• _Work item_
All lines below starting at the one that holds "miniPightle | fingering/4ply" and ending at the one that holds "were-trouble-when-were-together-hawaiian-shirt-1" should be printed exactly, ends included. Pictures should not be printed, nor anything else.

• _Dataset_
--------

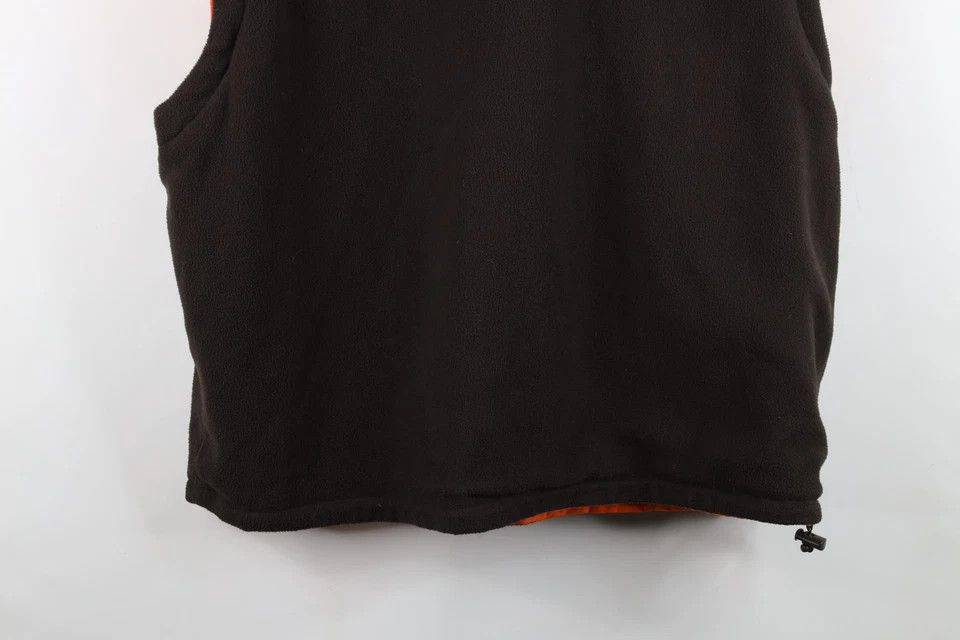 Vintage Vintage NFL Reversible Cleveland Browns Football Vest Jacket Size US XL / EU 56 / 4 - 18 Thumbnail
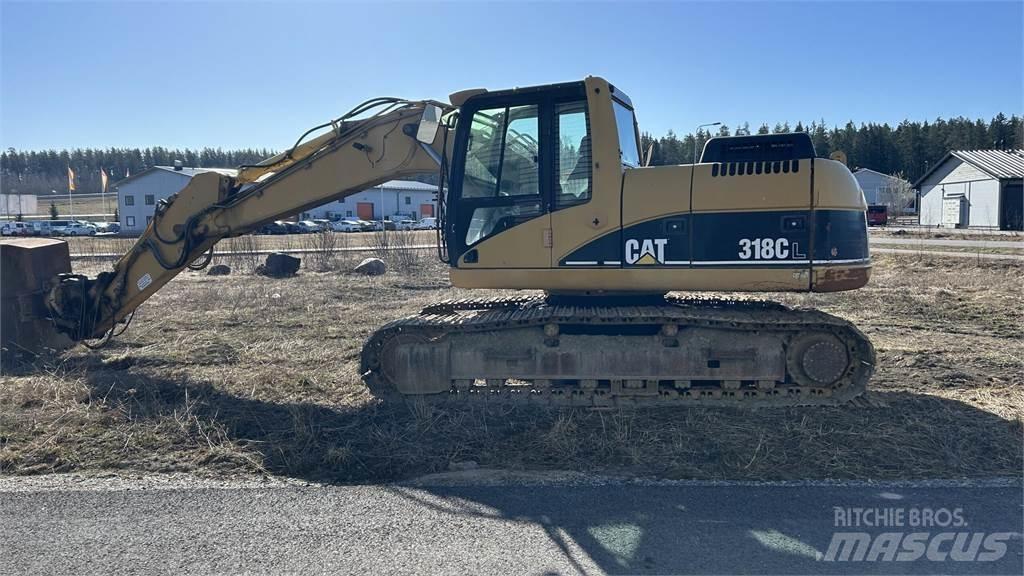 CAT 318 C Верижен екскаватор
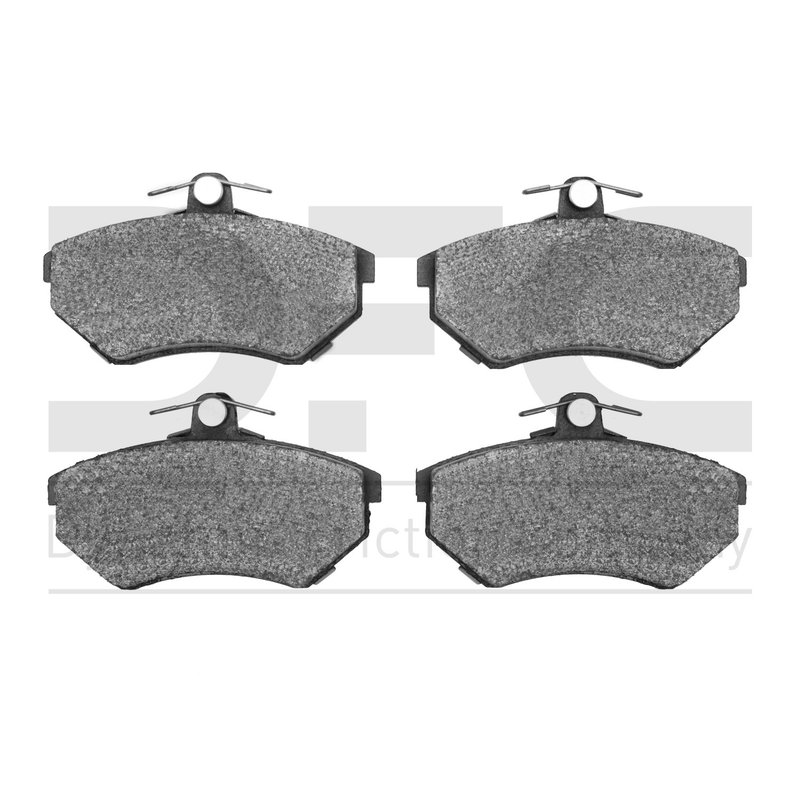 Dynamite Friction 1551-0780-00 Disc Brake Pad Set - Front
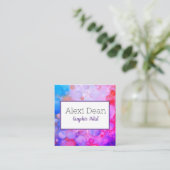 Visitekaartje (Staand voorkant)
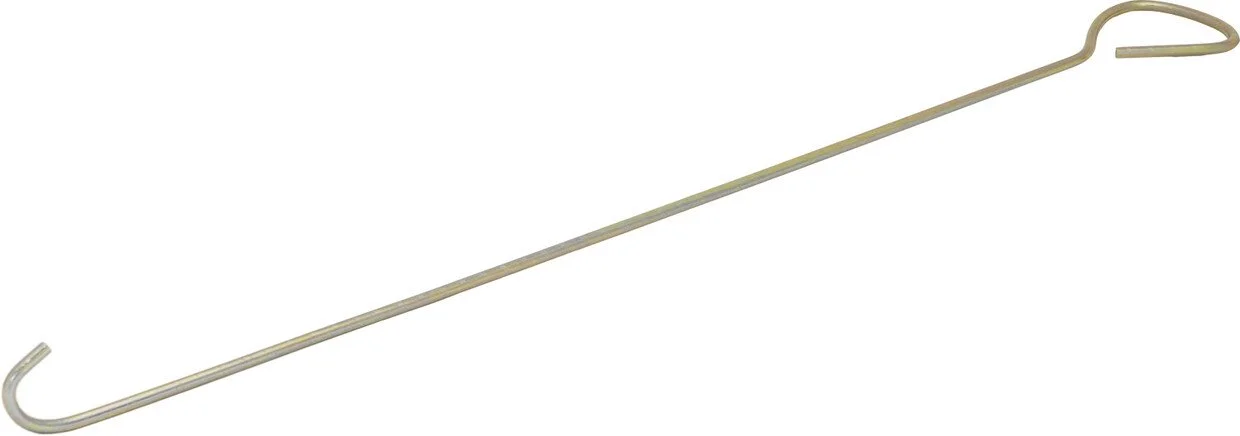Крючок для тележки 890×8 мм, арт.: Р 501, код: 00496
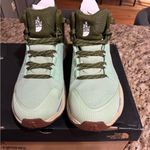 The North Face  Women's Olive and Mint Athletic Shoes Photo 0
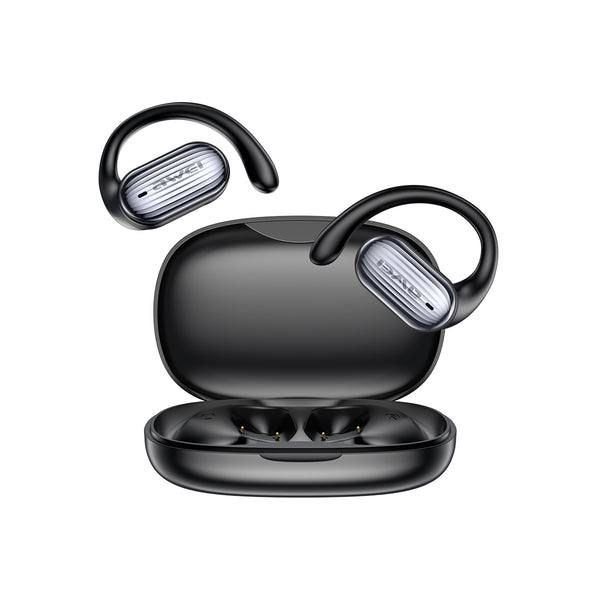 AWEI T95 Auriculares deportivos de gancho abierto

--------

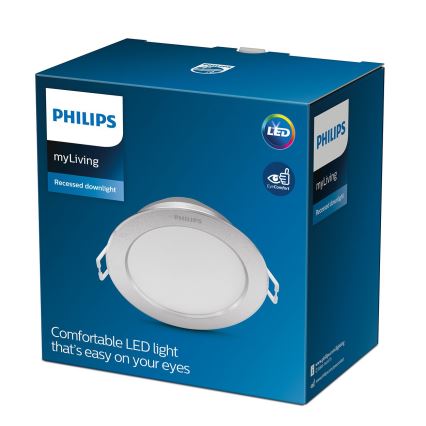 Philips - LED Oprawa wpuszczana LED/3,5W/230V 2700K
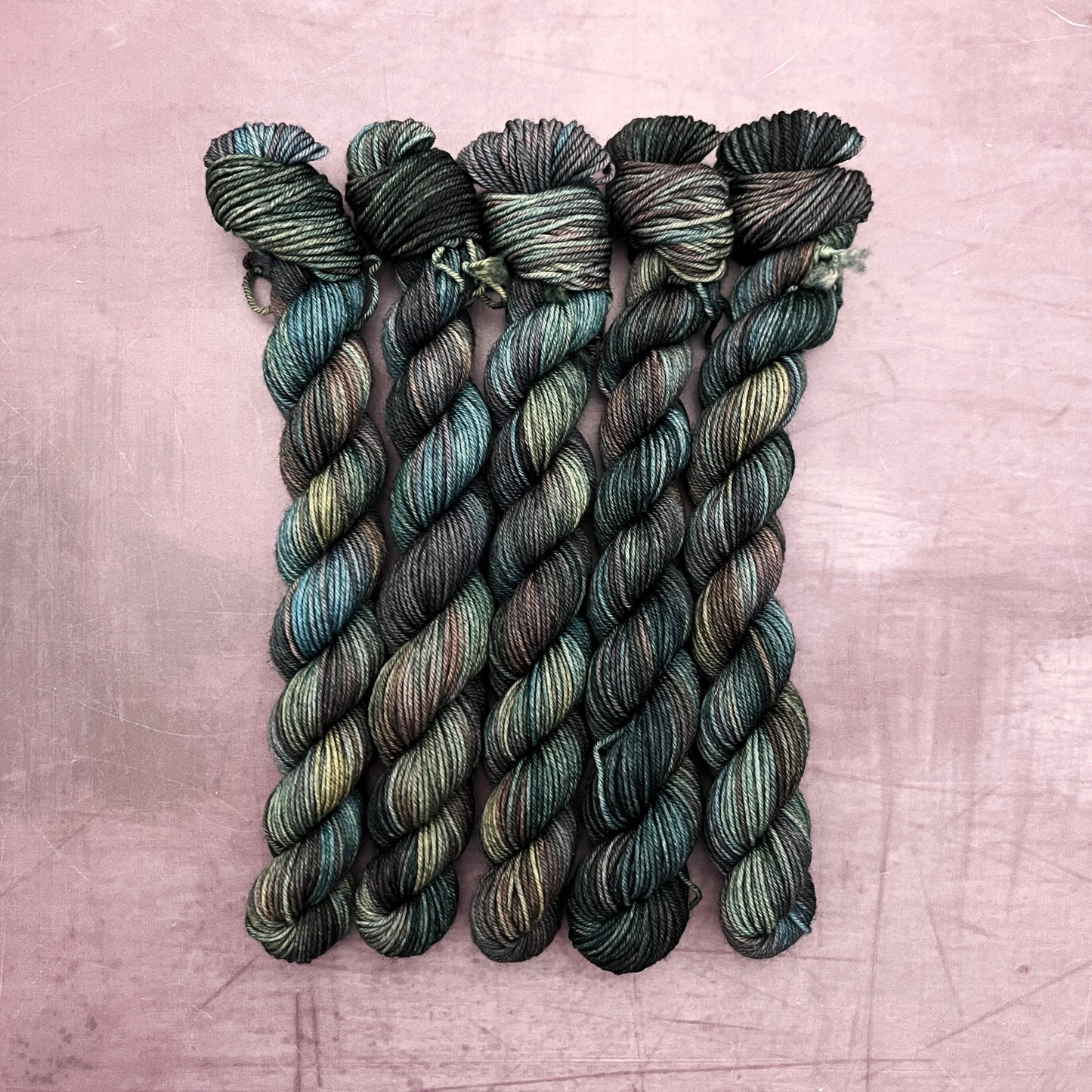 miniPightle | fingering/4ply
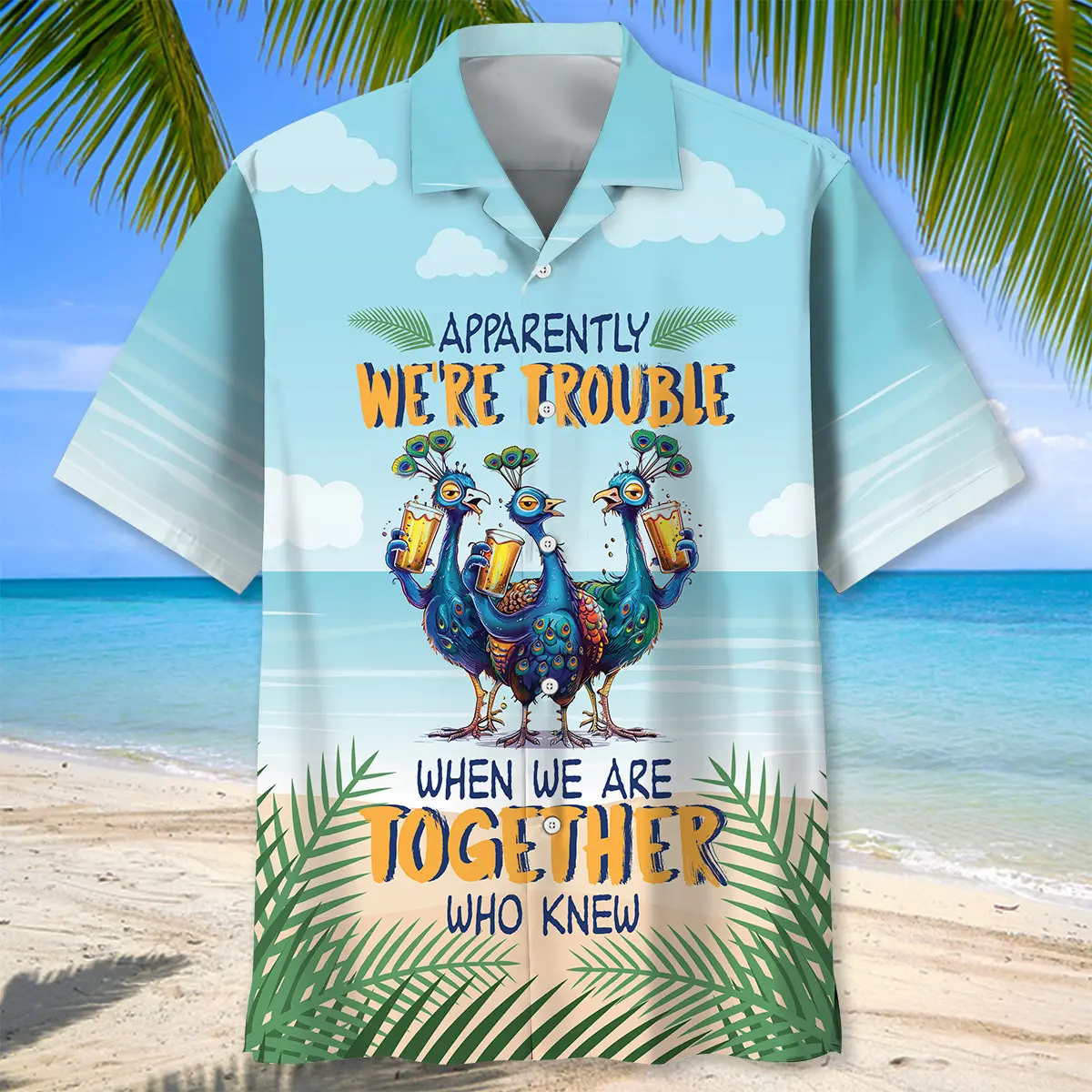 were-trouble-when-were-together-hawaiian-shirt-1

--------

• _Result for this task_
 miniPightle | fingering/4ply
 were-trouble-when-were-together-hawaiian-shirt-1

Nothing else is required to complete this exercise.